Boy Scouts of America chapter shilling for corporate copyright holders

Boing Boing reports the Los Angeles chapter of the Boy Scouts of America is now offering a “merit patch” (they don’t call it a merit badge) for “respecting copyright”. One wonders what’s being taught to get this patch.

Boing Boing is highly suspicious that there will be much left out, with good reason:

The merit badge patch in “respecting copyright” will almost certainly not include any training on fair use, anything about the fact that the film industry is located in Hollywood because that was a safe-enough distance from Tom Edison that the its founders could infringe his patents with impunity; that record players, radios and VCRs were considered pirate technology until the law changed to accommodate them; or that the entertainment industry enriches itself without regard for creators, who are routinely sodomized through non-negotiable contracts and abusive royalty practices. I’m sure it won’t mention the anti-competitive censorship masquerading as the Hollywood “rating” system, or the way that the studio cartel’s copyright term extensions have doomed the majority of creative works to orphaned oblivion, since they remain in copyright, but have no visible owner and can’t be brought back into circulation.

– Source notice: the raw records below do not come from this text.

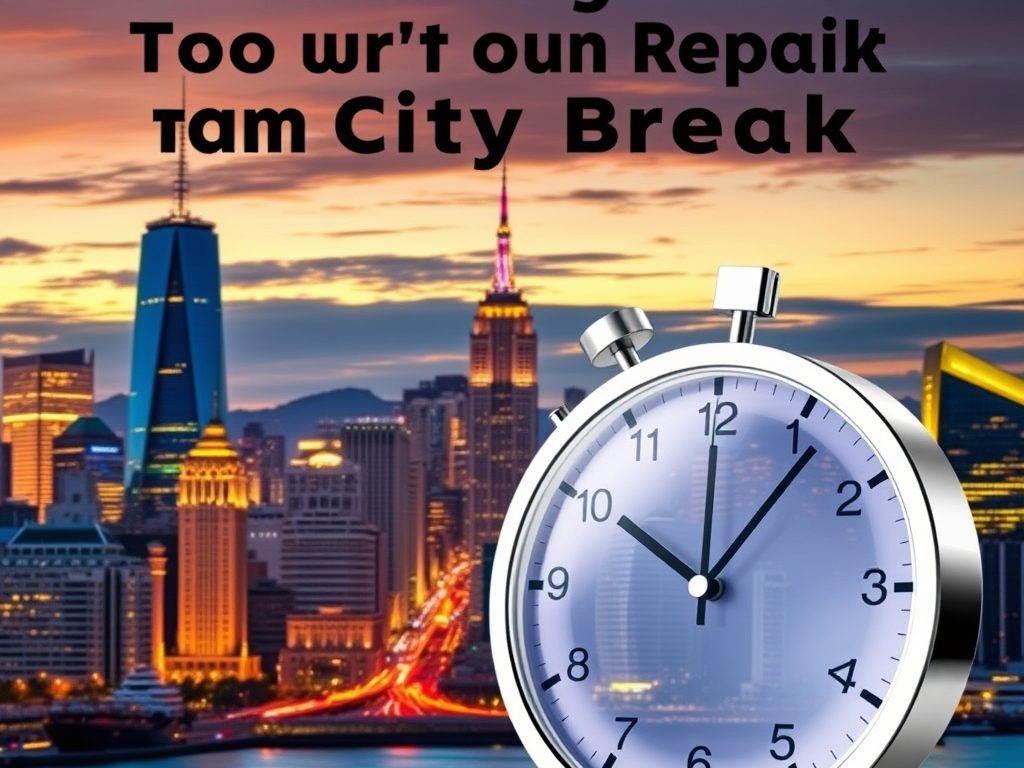 Jak zaplanować city break, by maksymalnie wykorzystać czas i uniknąć niepotrzebnego stresu podczas organizacji podróży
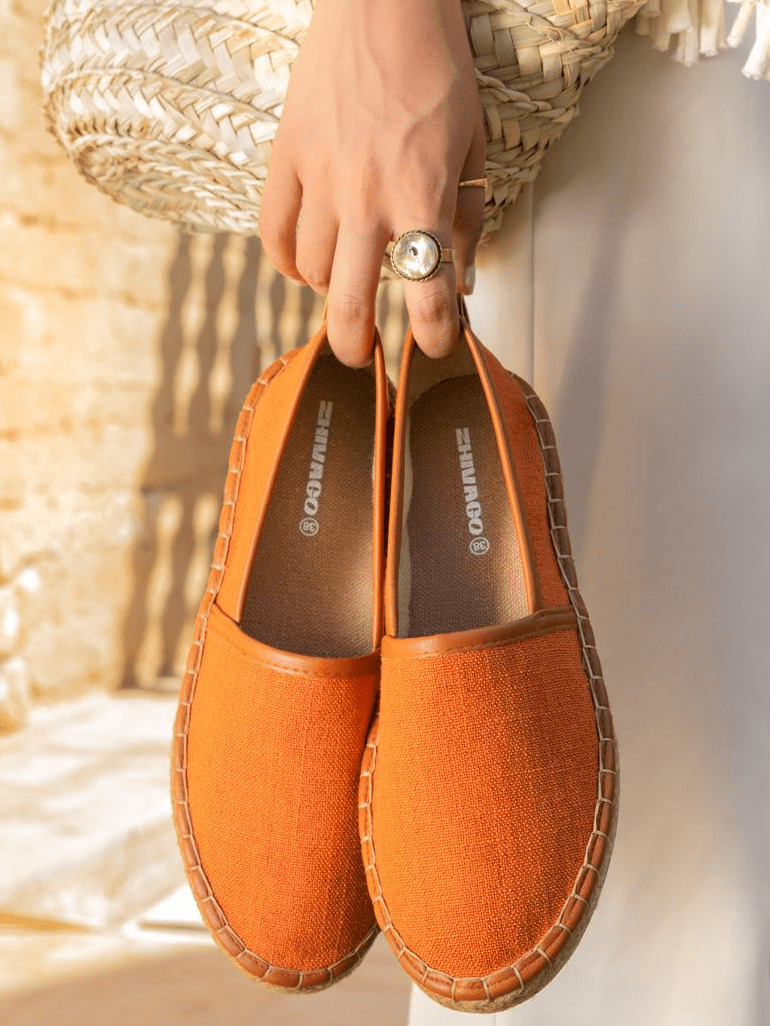 Pikkaboo Dia Orange Handmade Soft Feet Zhivago Shoes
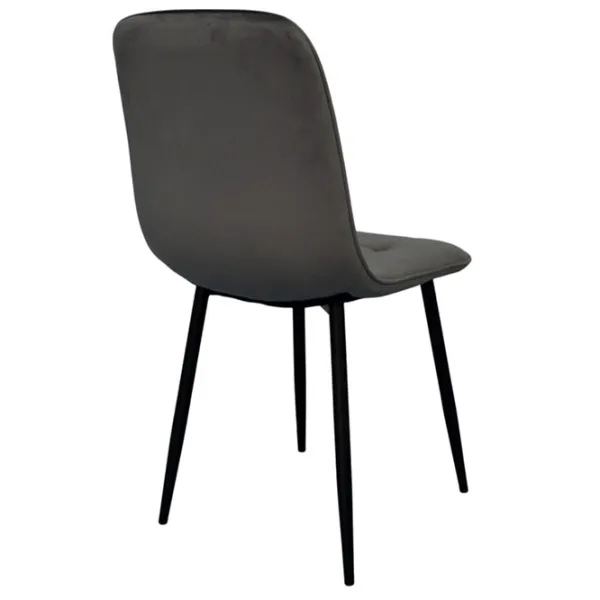 Scaun de bucătărie Evelin YT-010B 910-5 Stofă/ Gray Black photo 2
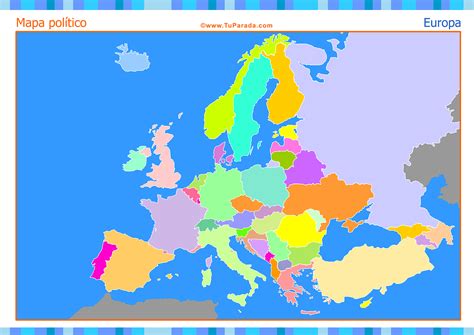 Mapa Del Continente Europeo Con Nombres Para Imprimir Mapas Reverasite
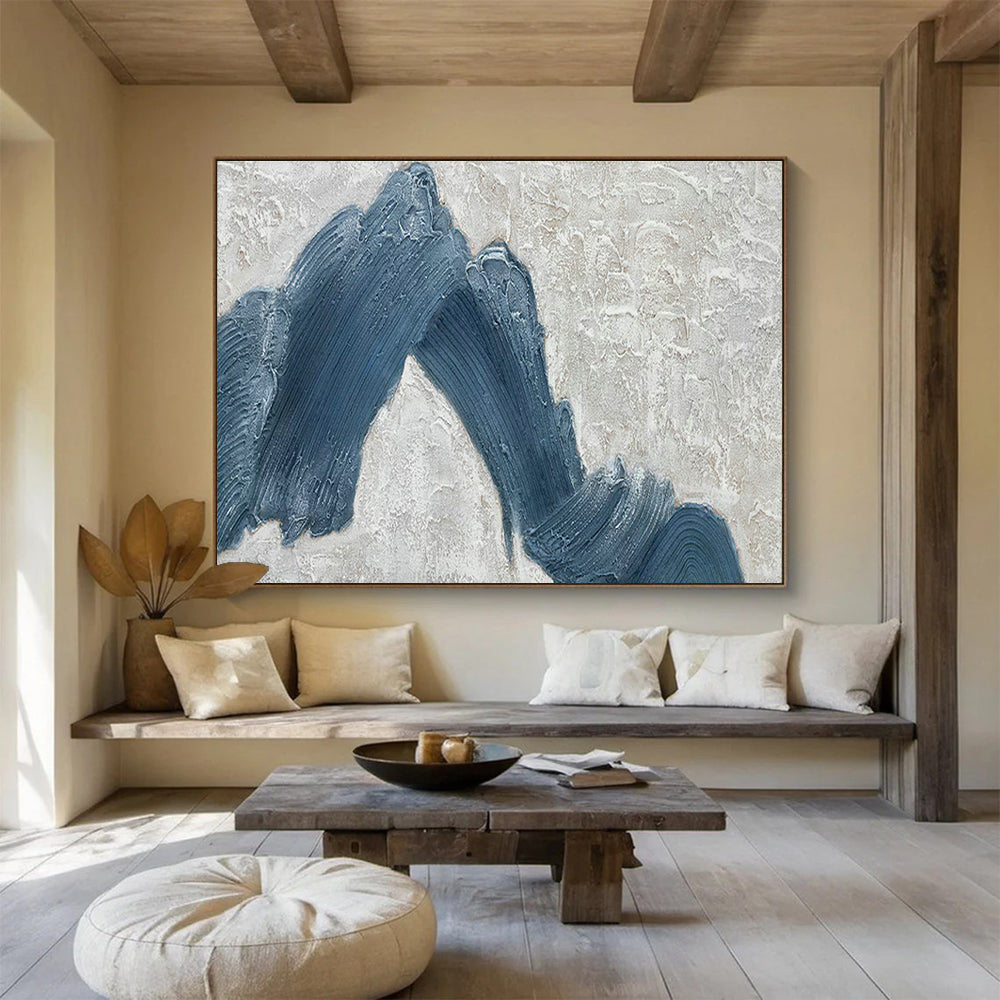 Custom-Made Fusion Reactor Testing Facility Large Abstract Hand Painting DLZ2598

Not to mention the effect of the monopolistic studio-owned theater system which kept competition from locally-owned smaller theaters at bay; if a smaller theater ran a hit movie that movie was months past its popularity and most audiences had already seen it at the studio-owned theaters. Most of the time hit movies were simply not distributed to smaller theaters.

I brought up many, if not all, of these points in some detail when I took Jack Valenti, former head of the MPAA, to task during his visit to the annual Roger Ebert Overlooked movie festival in Champaign-Urbana, Illinois a few years ago. I got tired of the shilling and telling only half the story, so I was first to the audience mic and told his audience some of what they were missing in Valenti’s talk. After Valenti’s talk, A number of people approached me in the hall outside the Illini Union’s Pine Lounge where the talk was held to ask me about what I was saying. I also got a letter to the editor published in the local newspaper responding to the front-page unquestionably pro-Valenti article it ran.

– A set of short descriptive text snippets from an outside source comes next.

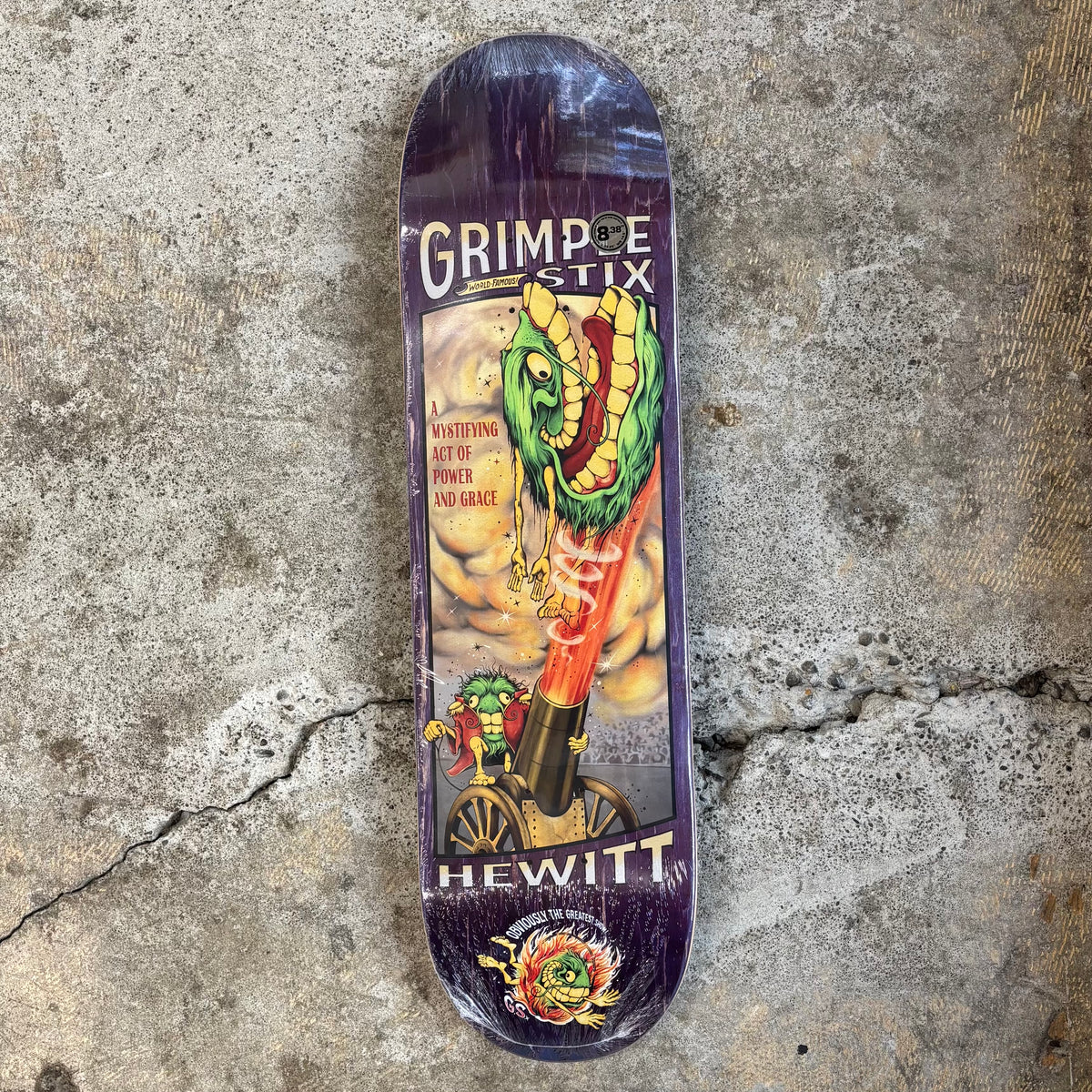 Hewitt Grimple Obviously Deck 8.38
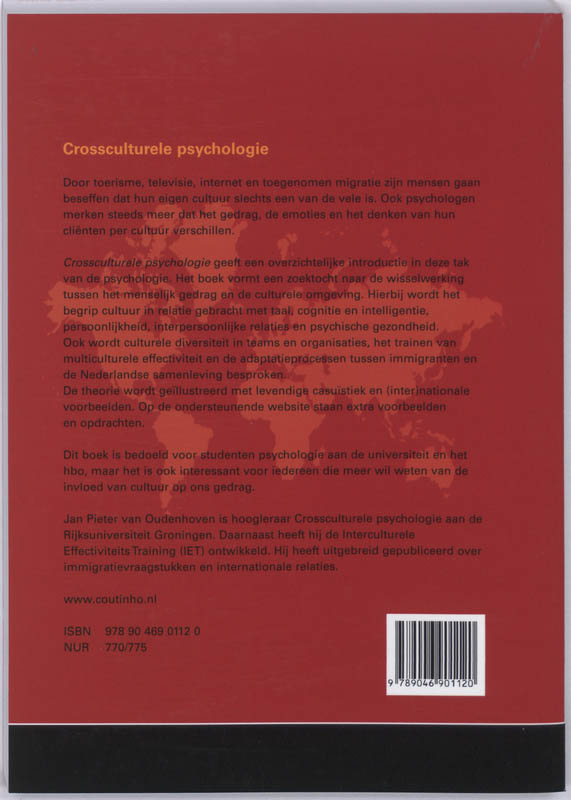 Crossculturele Psychologie achterkant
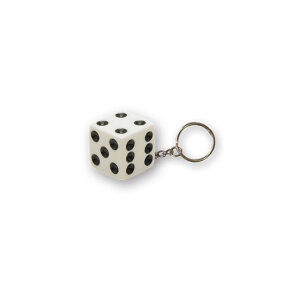 Triktopz Dice key chain white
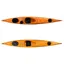 2024 P and H Virgo Compact MZ3 Sea Kayak with Skeg in Fuego Orange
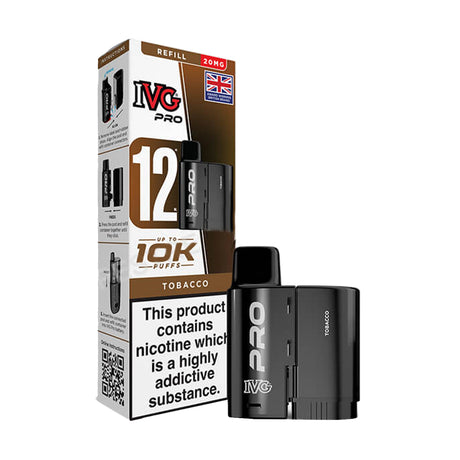 IVG Pro 12 Prefilled Pods + Refill Containers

Ebert has made it clear that he knows what side his bread is buttered on so he’s not going to let his movie festival host anyone who questions the beleaguered artist story Valenti was telling. Ebert invited another movie industry shill to the Pine Lounge the year after Valenti came by but I made an impression with him: I wasn’t able to make that talk, but someone I know told me that Ebert mentioned my presence and rebuttal that year.